US Vice President JD Vance speaks during the Critical Minerals Ministerial at the State Department in Washington, DC, US, February 4, 2026. (Reuters)
US Vice President JD Vance speaks during the Critical Minerals Ministerial at the State Department in Washington, DC, US, February 4, 2026. (Reuters)

US Vice President JD Vance will visit Armenia and Azerbaijan this week to push a Washington-brokered peace agreement that could transform energy and trade routes in the strategic South Caucasus region.

His two-day trip to Armenia, which begins later on Monday, comes just six months after the Armenian and Azerbaijani leaders signed an agreement at the White House seen as the first step towards peace after nearly 40 years of war.

Vance, the first US vice president to visit Armenia, is seeking to advance the Trump Route for International Peace and Prosperity (TRIPP), a proposed 43-kilometre (27-mile) corridor that would run across southern Armenia and give Azerbaijan a direct route to its exclave ‌of Nakhchivan ‌and in turn to Türkiye, Baku's close ally.

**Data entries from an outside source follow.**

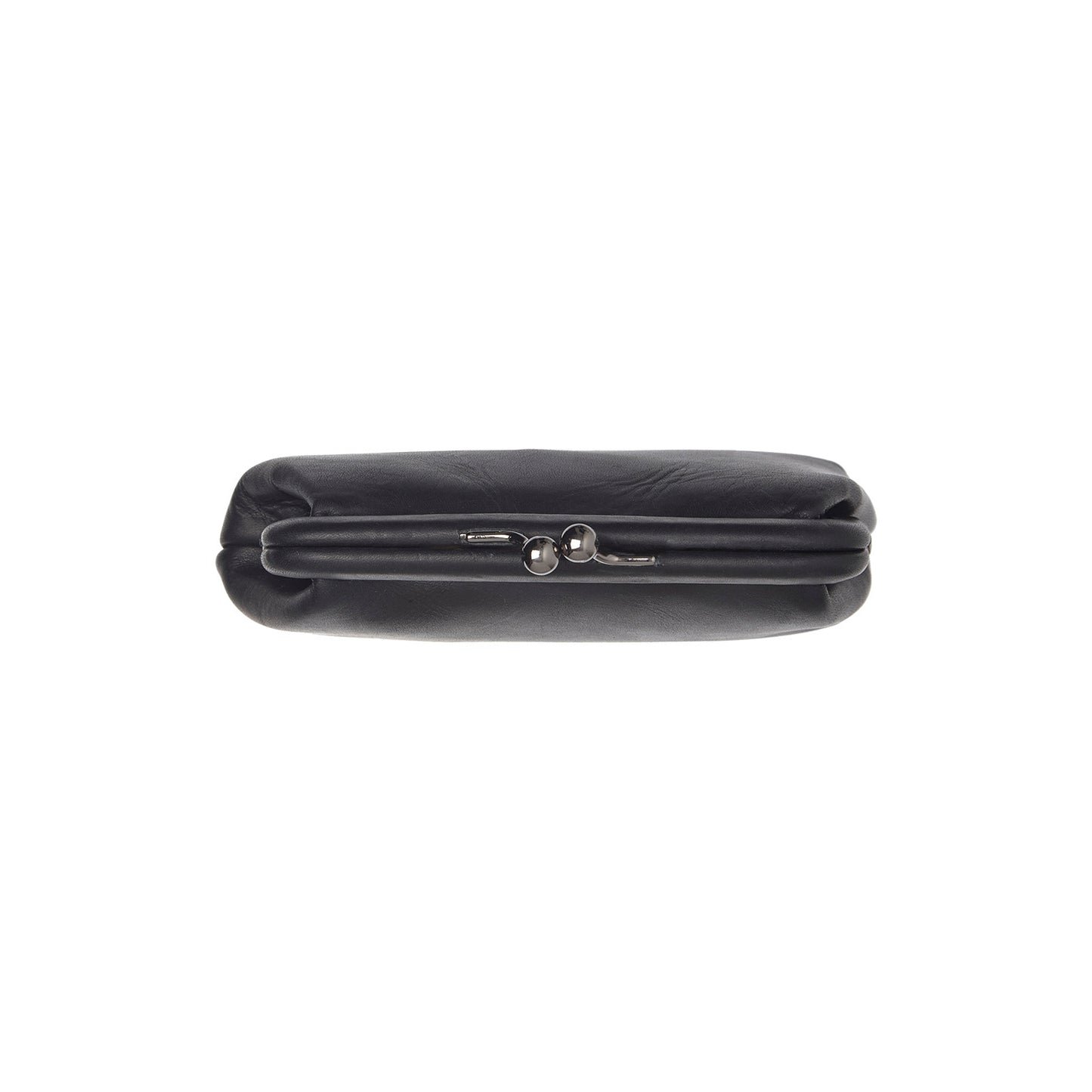Damenbörse Nera C08.0537 von The Chesterfield Brand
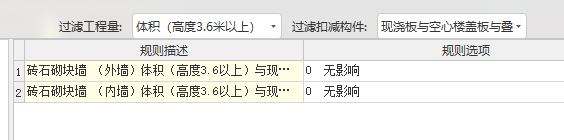 千赢官网首页登录入口服务新干线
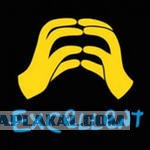 Бысто едешь - близко будешь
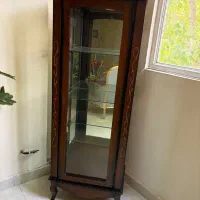 گنجه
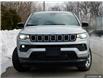 2025 Jeep Compass North (Stk: S2039) in Welland - Image 2 of 27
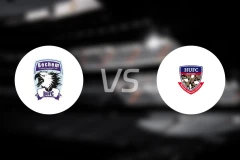 贝克联vs浩霍联合比分预测【2025/11/30】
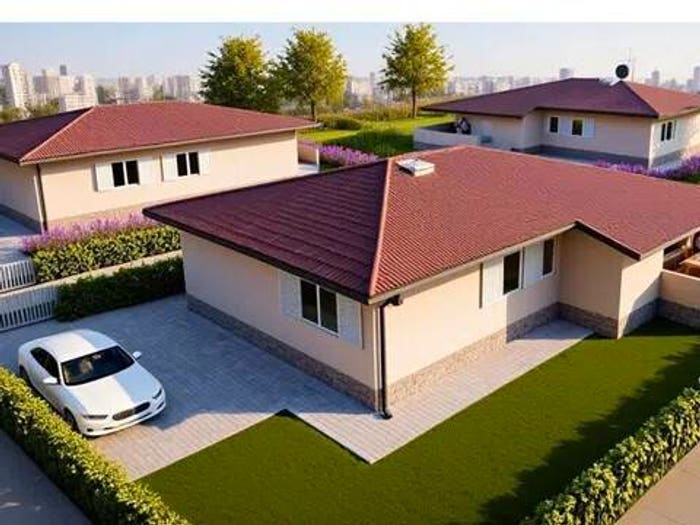 Casa con 5 locali in vendita in Via Sarzanese Nord, Piano di Conca, Massarosa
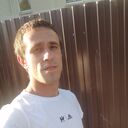  ,   , 27 ,   ,   , 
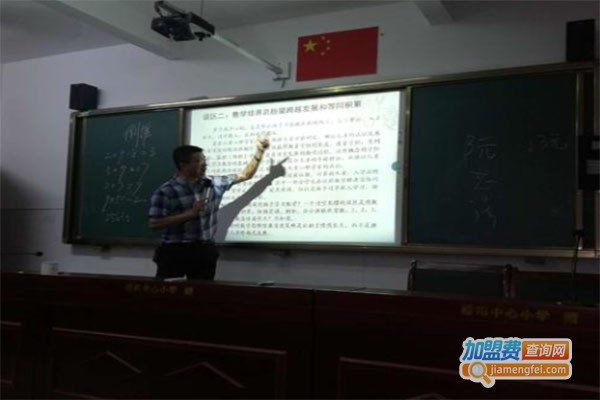 张力数学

"Vance's visit should ‌serve ⁠to reaffirm the ‌US's commitment to seeing the Trump Route through," said Joshua Kucera, a senior South Caucasus analyst at Crisis Group.

"In a region like the Caucasus, even a small amount of attention from the US can make a significant impact."

The Armenian government said on Monday that Vance would hold talks with Prime Minister Nikol Pashinyan and that both men would then make statements, without elaborating.

Vance will then visit Azerbaijan on Wednesday and Thursday, the White House has said.

Under the agreement signed last year, ⁠a private US firm, the TRIPP Development Company, has been granted exclusive rights to develop the proposed corridor, with Yerevan ‌retaining full sovereignty over its borders, customs, taxation and security.

The ‍route would better connect Asia to Europe ‍while - crucially for Washington - bypassing Russia and Iran at a time when Western countries are ‍keen on diversifying energy and trade routes away from Russia due to its war in Ukraine.

Russia has traditionally viewed the South Caucasus as part of its sphere of influence but has seen its clout there diminish as it is distracted by the war in Ukraine.

Securing US access to supplies of critical minerals is also likely to be a key focus of Vance's visit.

TRIPP could prove a key transit corridor for the vast mineral wealth of ⁠Central Asia - including uranium, copper, gold and rare earths - to Western markets.

CLOSED BORDERS, BITTER RIVALS

In Soviet times the South Caucasus was criss-crossed by railways and oil pipelines until a series of wars beginning in the 1980s disrupted energy routes and shuttered the border between Armenia and Türkiye, Azerbaijan's key regional ally.

Armenia and Azerbaijan were locked in bitter conflict for nearly four decades, primarily over the mountainous region of Nagorno-Karabakh, an internationally recognized part of Azerbaijan that broke away from Baku's control as the Soviet Union fell apart in 1991.

Azerbaijan and Armenia fought two wars over Karabakh before Baku finally took it back in 2023. Karabakh's entire ethnic Armenian population of around 100,000 people fled to Armenia. The two neighbors have made progress in recent months on normalizing relations, including restarting ‌some energy shipments.

But major hurdles remain to full and lasting peace, including a demand by Azerbaijan that Armenia change its constitution to remove what Baku says contains implicit claims on Azerbaijani territory.